だけども、そういう偶発的な事件の間を縫いながら、失火に見せかけた放火だの病死に見せかけた謀殺といった人為も働いている。例えば安和の変(969年、醍醐天皇の皇子、左大臣源高明(たかあきら)が藤原氏の陰謀で大宰府に左遷された事件)の直後に源高明の家が焼けたでしょ。

中関白家事件(伊周(これちか)の女のもとに通っていると誤解された花山法皇に、伊周の弟隆家が帰路を待ち伏せて矢を射かけた事件。内大臣伊周と権中納言隆家は流罪とされ、道長の権力が確立する)のときに定子(一条天皇の后、伊周の妹)の住居が焼けたのもそうだし、三条帝が退位する(外孫の敦成(あつひら)親王=後の後一条天皇を天皇に推し、摂政となろうとする道長は様々のいやがらせをして三条帝を退位に追いこむ)直前に内裏が焼けたなどという事件も、失火で片づけるにはうさん臭すぎる。

■あらゆる手段でライバルをいじめ抜いた

【永井】そう。それで、内裏が復旧したら退位すると言っていると、できた途端にまた焼けちゃってね。惨めな恰好で退位する。

【杉本】これでもか、これでもかといじめる。その、いじめの手段の一つに、政敵の屋敷を火にかけてしまうプランが組み込まれているわけよ。それから、病死に見せかけた毒殺。病死にしては実に怪しい、一服もったんでは、と思われる例がいっぱいあるでしょ。

【永井】そう、そう。

【杉本】それから、流言、呪詛、怨霊の利用。

【永井】今でいう情報宣伝戦ですよ。ソ連が攻めてくると脅して世論づくりをするとか。それをもう少しおどろおどろしくして、怨霊。言ってみれば、「スターリンの怨霊が……」というのと同じことなのね。(笑)

■平安貴族の政治的術策は現代でも通用する

【杉本】とたんに防衛費の追加予算が国会で認められたりして。(笑)ともかくそういうふうに、偶発と人為をたくみにないまぜて、政局を思うほうに持っていく能力……。

【永井】それは個人の能力でなくて、今でいう政党と同じよ。主流派と反主流派、それに野党。

【杉本】一人じゃなかなかできることじゃない。その意味で、藤原氏という一族はキラ星の如く能力者を輩出した氏族だったと思う。

【永井】そう、初めの不比等からそうよ。

【杉本】鎌足もそうだけど、特に不比等あたりから顕著になってゆくわね。四兄弟が疫病でポシャっても、仲麻呂だ百川(ももかわ)だ種継だ薬子(くすこ)だと、次々に凄腕が出てくるでしょう。

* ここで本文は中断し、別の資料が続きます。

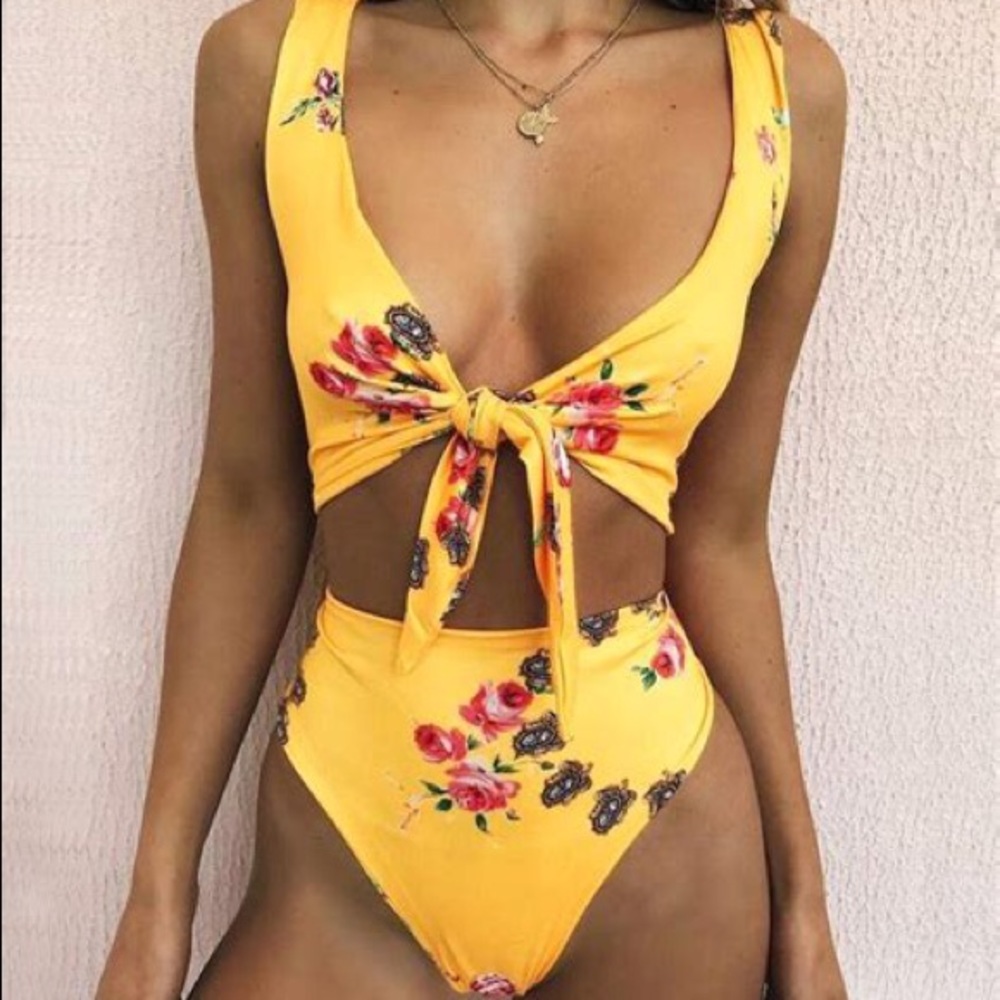 Floral Swimsuit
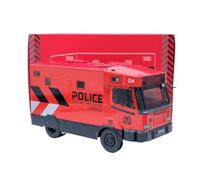Auto Classica In Lega 1/24 Per POLWEL Polizia Forza Antisommossa Veicolo Lega Statica Fusione Di Metallo Ornamenti Modello Auto In Lega Decorativi Da Collezione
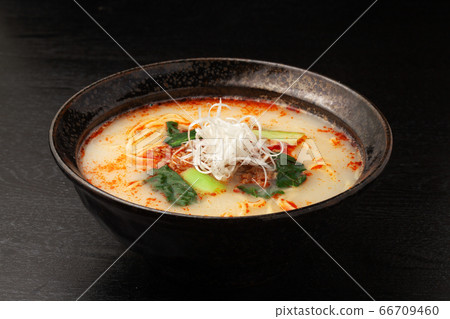 Soy milk dantan noodles 66709460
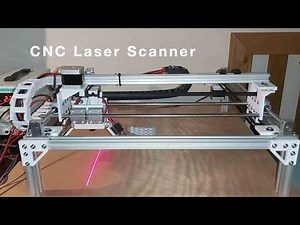 CNC Laser Triangulation Sensor using OpenMV cam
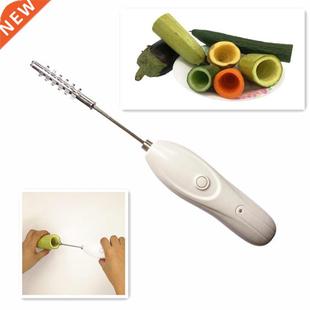 Electric Scraping Scale Machine 2 Cutter Head Vegetable Cutt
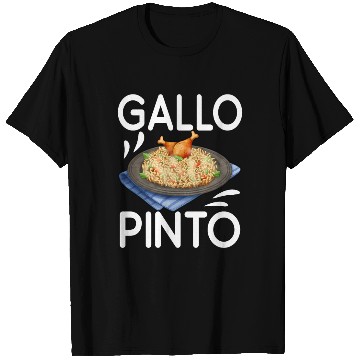 Discover Gallo Pinto Costa Rican Cuisine Latin America T Shirts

私は、だから日本人は、もっと藤原氏に注目すべきだと思うのよ。何かというとすぐ、織田、豊臣、徳川とくるけど、藤原氏が400年にわたって駆使してきた能力は、戦国武将の天下取りみたいな単純なものじゃないわ。

【永井】現代は、武力に訴えたり、独裁的にやれる時代じゃない。

【杉本】それなのに、「信長に会社経営の指針を学ぼう」だものね。

【永井】現代には信長や家康は通用しない。それにまた、信長などに対して誤解がありすぎるわね。彼はむしろ天才じゃなくて努力の人よ。

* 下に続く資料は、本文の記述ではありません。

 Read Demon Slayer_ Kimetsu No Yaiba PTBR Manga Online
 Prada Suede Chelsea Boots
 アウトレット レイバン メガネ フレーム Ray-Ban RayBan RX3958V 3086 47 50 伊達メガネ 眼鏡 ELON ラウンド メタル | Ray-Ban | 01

【杉本】社会背景も精神基盤もまったく違う。むしろ平安朝の高級官吏らが弄した政治的駆け引きだの術策のほうが、はるかに現代の政治悪や政界の在り方と共通するものを持っている。

■平凡な道長はなかなか出世できなかった

【永井】今度、道長を書いて(『この世をば』)みてわかったんだけど、彼の生涯は決していつもスムーズにいっているわけではない。いろいろ苦労があるし……。

【杉本】危機もあったわよ。

【永井】そう。むしろ平凡な人間なの。凡人が偶然にも権力の座につくめぐりあわせになって、かえって四苦八苦……。

【杉本】三男坊に生まれたことはかえって良かったと思うな。

【永井】当時は長男でないと出世しませんからね。三男というけど、五男なのよ。次男の道綱と四男の道義というのは腹ちがいで能力も人並み以下だったらしい。道長もなかなか従三位(じゅうさんみ)になれないで、20歳過ぎまでうろちょろしてるの。

【杉本】三位(さんみ)にまで昇らなければ、どうしようもないものね。三位になり公卿とならなきゃ、閣僚としての実力を発揮できないものね。

【永井】四位と三位というのは、今で言うと、普通の社員と取締役ぐらいの違いがある。

■「係長」が「総理大臣の娘」を狙い、門前払い

【杉本】だから三等重役であっても重役になるには、三位までいかなきゃ。

【永井】閣僚の尻尾が参議ですからね。しかし、これが難関でなかなか入れない。やはりいちばん強運なのは道隆でスイスイ上っていく。そこで、道長は源雅信という左大臣の娘に狙いをつけるんですよ。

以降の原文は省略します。